- The Washington Times - Wednesday, April 1, 2009

WASHINGTON (AP) - The head of the Federal Deposit Insurance Corp. says new oversight of big financial institutions deemed to be high risk should include raising their capital requirements to help protect the financial system.

FDIC Chairman Sheila Bair’s comment that some big banks and other financial institutions should be mandated to hold more capital as a buffer against risk in times of stress brought vigorous applause from an audience of bankers Wednesday. Many were executives from smaller, community banks.

Bair is calling for a new system of regulation that prevents institutions from taking on excessive risk and becoming so big their failure would endanger the financial system.

“We simply need to end ‘too big to fail,’” Bair told the gathering of the American Bankers Association. Echoed Wayne Abernathy, an executive vice president of the organization: “We want to put a stake through the heart of it.”

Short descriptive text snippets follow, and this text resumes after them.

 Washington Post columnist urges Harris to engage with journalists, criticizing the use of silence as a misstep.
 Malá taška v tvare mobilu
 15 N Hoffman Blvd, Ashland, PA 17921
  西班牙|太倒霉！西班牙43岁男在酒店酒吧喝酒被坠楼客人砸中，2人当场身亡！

Bair said she sees “some glimmers of hope” in the lending pipeline beginning to thaw, though credit is still tight and “there is still more pain to go.”

“If you’re looking for a quick fix, we’re not going to get it,” Bair said.

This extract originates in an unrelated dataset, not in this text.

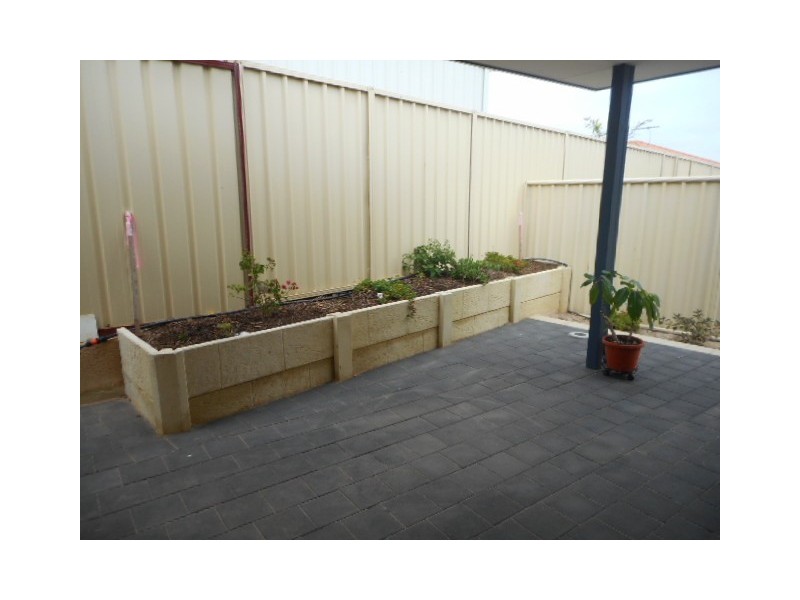 10 Edgewater Close, Glenfield WA 6532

What is needed to replace the “too big to fail” model is a “fail-safe system” that will limit the dangerous size and concentration in high-risk activities of banks and other financial institutions, she said.

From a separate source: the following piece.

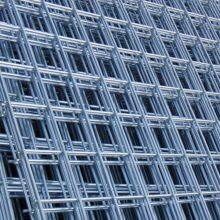 Customized Welded Wire Mesh Panel Galvanized Before/After Welding Process thumbnail-1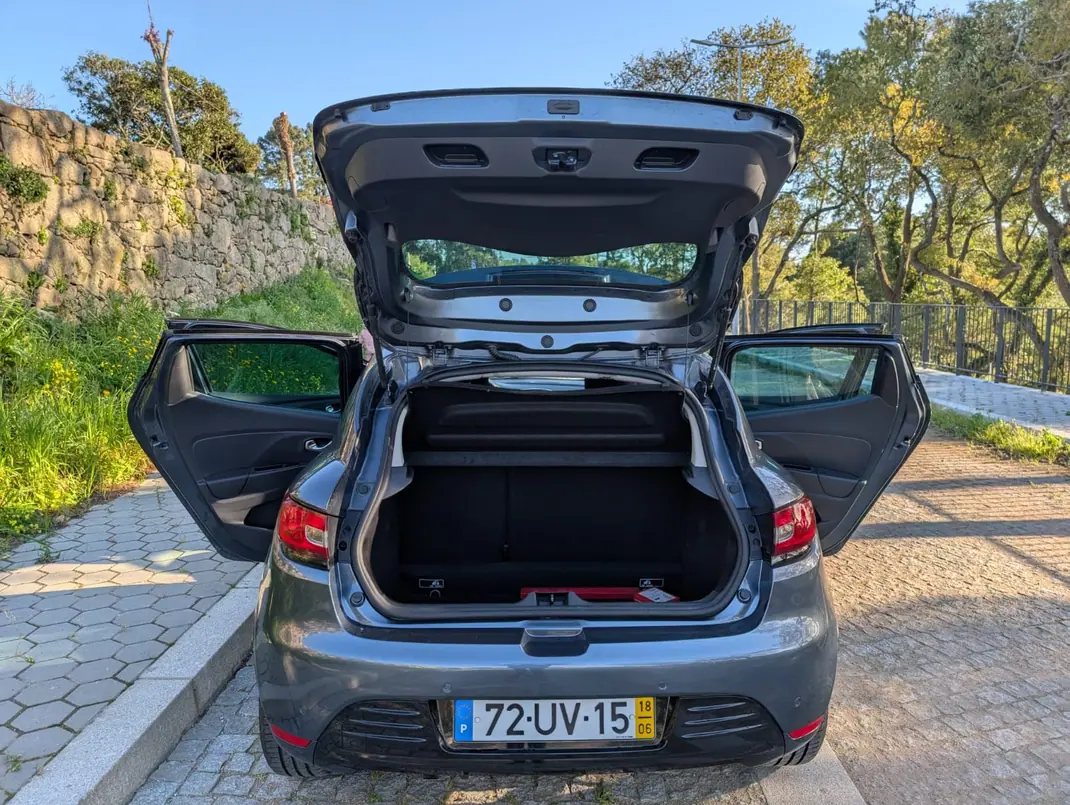 Renault Clio 2018 - 10500 EUR, 69000 km - AUTO.MOTO.pt - 69000km - foto 14 de 19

Policymakers are trying to craft a new financial rule book to replace the “too big to fail” stamp put on federal policy in the financial crisis, as the government rushed in to rescue insurance giant American International Group Inc., and pumped tens of billions of dollars into Citigroup Inc. and Bank of America Corp.

The Obama administration last week presented to Congress an extensive overhaul of financial regulation meant to prevent a repeat of the banking crisis that toppled iconic institutions and wiped out trillions of dollars in investor wealth. A pillar of the plan is creating a so-called systemic regulator to monitor against the risks that plunged markets worldwide into distress last year.

Bair has maintained that a mechanism is needed to resolve troubled financial institutions similar to what the FDIC does with federally insured banks and thrifts.

Such a special receivership process _ replacing “very messy” bankruptcies for large failed companies _ as well as higher capital requirements for high-risk institutions should be part of the new system, she said.

A Federal Reserve official, speaking Wednesday at an Ohio bankers’ conference in Columbus, proposed a layered regulatory framework that would subject financial institutions to varying degrees of oversight based on the level of risk they pose to the system.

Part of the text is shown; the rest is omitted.